Fachlicher Austausch und persönlicher Dialog im virtuellen Konferenzraum: Das Netzwerk Frau und Beruf im Kreis Unna tagte vor einigen Tagen in „hybrider“ Form im Bergkamener Rathaus. Die Expertinnen des Bündnisses setzen sich für eine gleichberechtigte Teilhabe von Frauen auf dem Arbeitsmarkt ein – eine eigenständige Erwerbsarbeit und ein sicherer wirtschaftlicher Rahmen sind die Grundpfeiler dafür. Beides fehlt aber vor allem vielen wohnungslosen Frauen, deren Schicksale das Netzwerk beim jüngsten Treffen zum Thema machte.

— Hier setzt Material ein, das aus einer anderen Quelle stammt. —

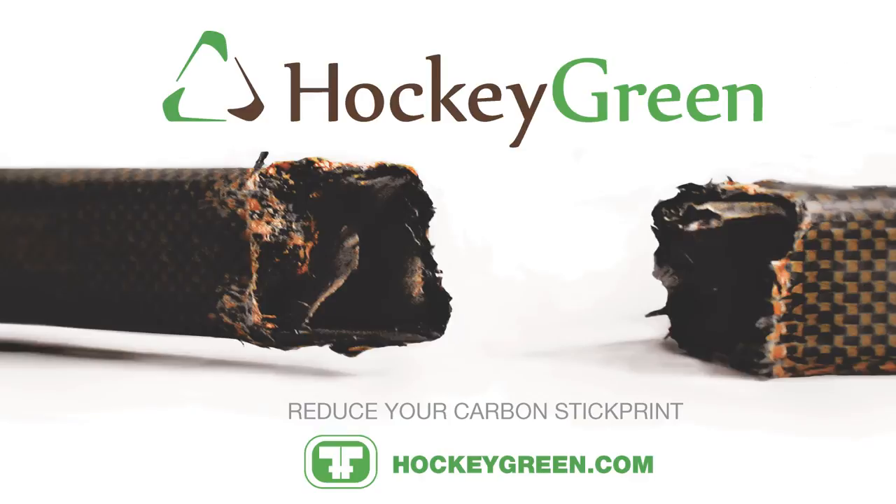The EQ40 comes in grip and non-grip. Get your favorite flex and curve at TotalHockey.com. And don't forget to recycle your old composite sticks to get a $10 credit on a new composite stick. Learn more at HockeyGreen.com.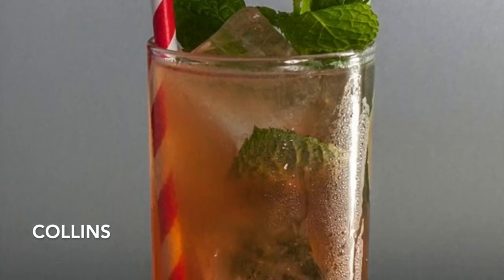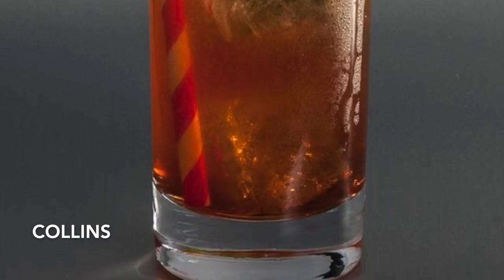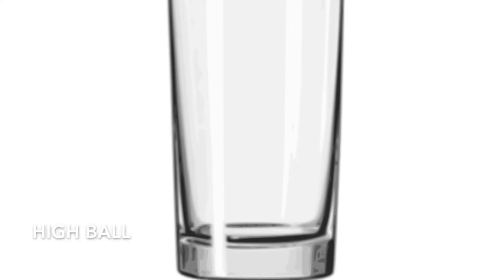So, quick note on glassware — it recommends using a collins or a highball. We'll put a picture here so you can see what one of those looks like. We're using tiki mugs, but a collins or highball is what the recipe calls for.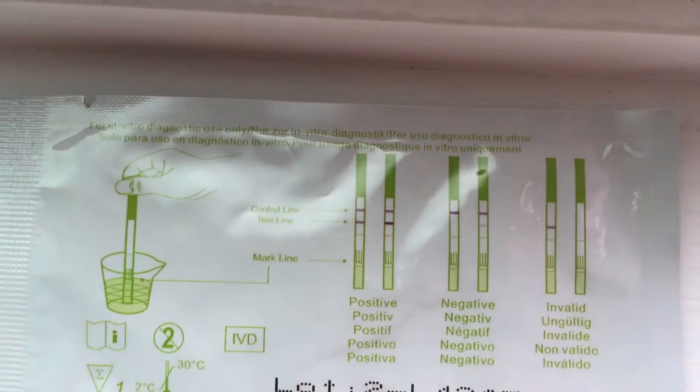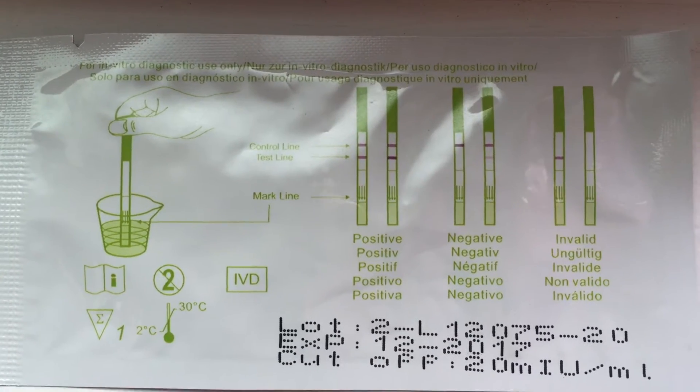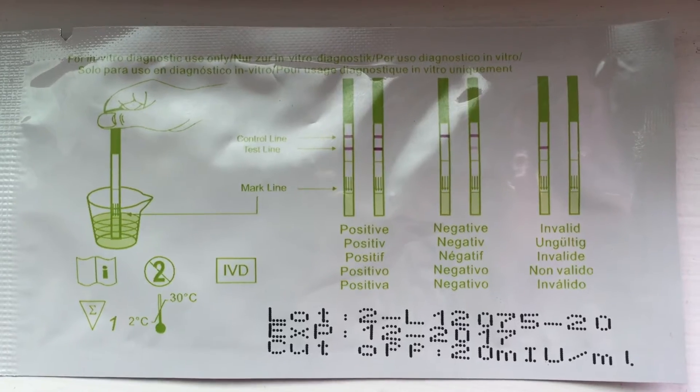So let me just show you guys what I'm talking about. Here are the little strips that I buy from eBay. I think there's like a pack of $15 for like only $4, guys. So don't spend your money on super expensive stuff unless you want to.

Besonders eindrucksvoll schilderte die Leiterin der Wohnhilfen FrauenRäume des Frauenforums im Projekt „mobile Wohnhilfe“, Anja Wolsza, ihre Arbeit für die Chancengleichheit wohnungsloser Frauen: Tatsache ist, ein Großteil der Beratungsmöglichkeiten ist eher für Männer auf der Straße ausgerichtet. Frauen dagegen sind oft „verdeckt“ wohnungslos, das heißt, sie versuchen, ihre Wohnungslosigkeit möglichst lange zu verbergen, kommen eher bei Freund*innen oder Verwandten unter. Sie tingeln von Kontakt zu Kontakt, sind dabei oft auch der sogenannten Wohnprostitution ausgesetzt, weil sie Zweckbeziehungen mit Männern eingehen. Couchsurfing ist ein bekanntes Phänomen bei weiblichen Wohnungslosen.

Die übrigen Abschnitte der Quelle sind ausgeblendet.